== Assignment ==
Reproduce exactly only the lines from the line that holds "Floral Lace Cathedral" to the line that holds "VOLKSWAGEN Maggiolino Cabrio", inclusive, in the listing below, and please leave out every picture.

== Entries shown ==
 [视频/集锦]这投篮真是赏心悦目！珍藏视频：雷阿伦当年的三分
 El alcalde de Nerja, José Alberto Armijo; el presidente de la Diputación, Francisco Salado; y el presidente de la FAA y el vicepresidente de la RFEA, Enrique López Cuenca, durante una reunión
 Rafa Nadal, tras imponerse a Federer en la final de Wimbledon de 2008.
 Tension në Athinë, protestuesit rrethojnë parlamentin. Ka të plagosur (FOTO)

==

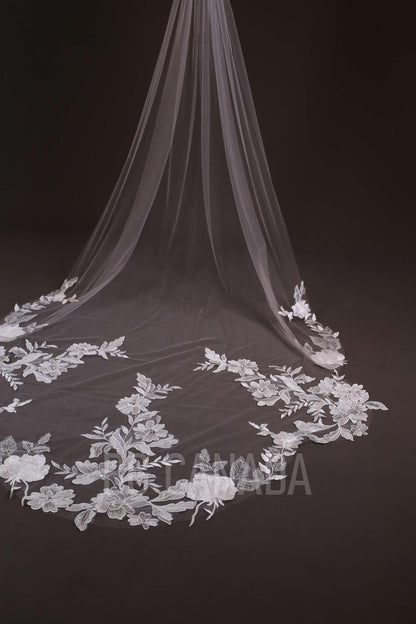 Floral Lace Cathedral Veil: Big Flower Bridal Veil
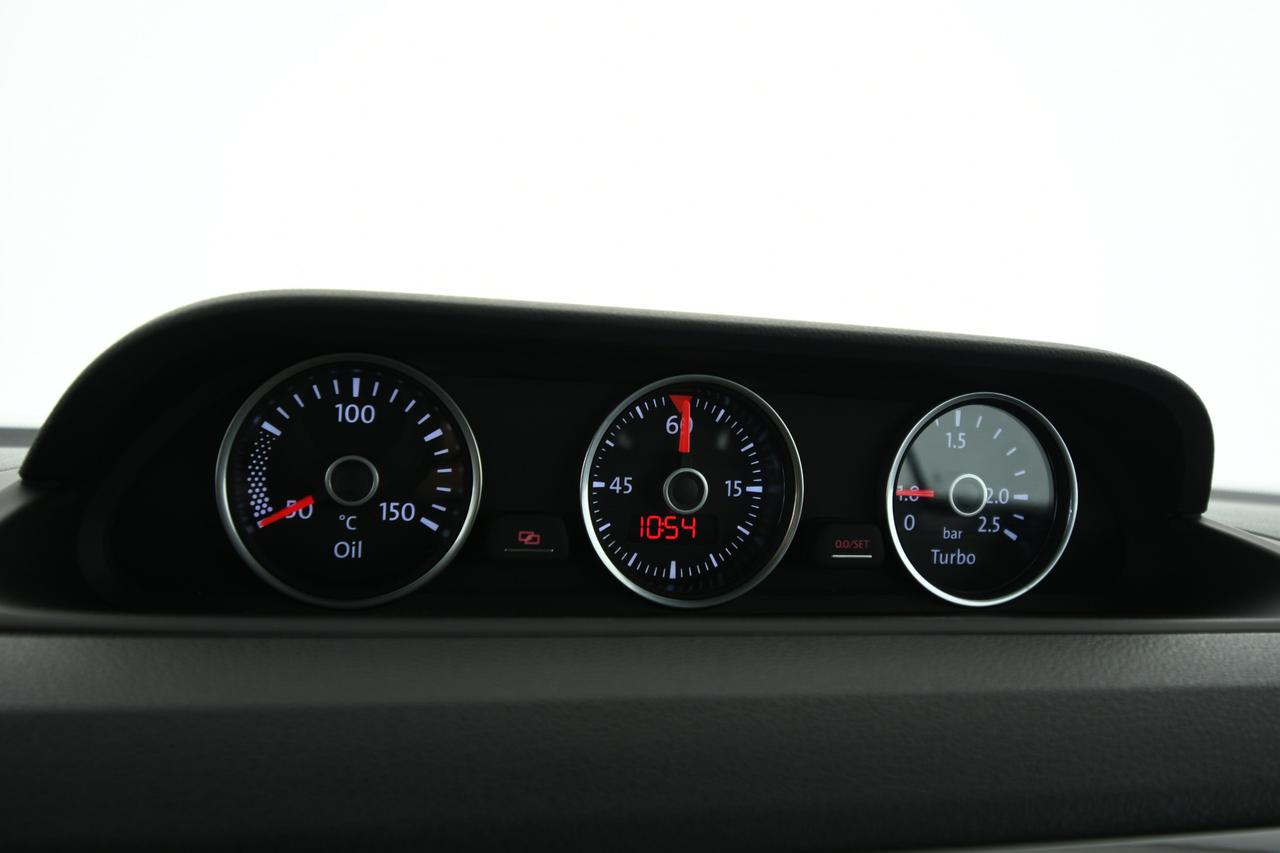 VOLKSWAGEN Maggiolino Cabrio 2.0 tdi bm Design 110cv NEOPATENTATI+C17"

==

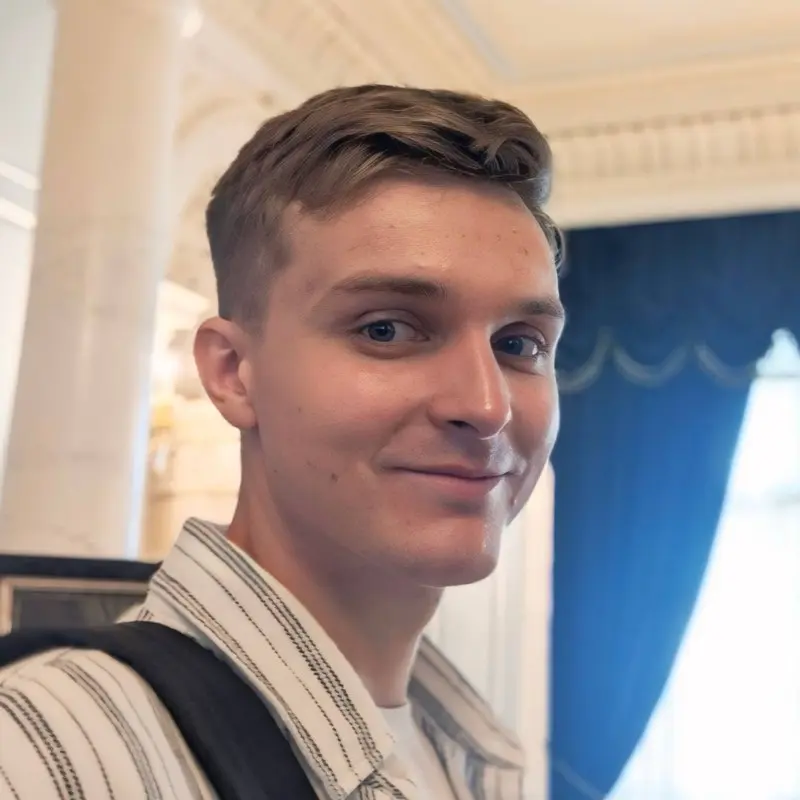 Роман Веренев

== Reply ==
 Floral Lace Cathedral Veil: Big Flower Bridal Veil
 VOLKSWAGEN Maggiolino Cabrio 2.0 tdi bm Design 110cv NEOPATENTATI+C17"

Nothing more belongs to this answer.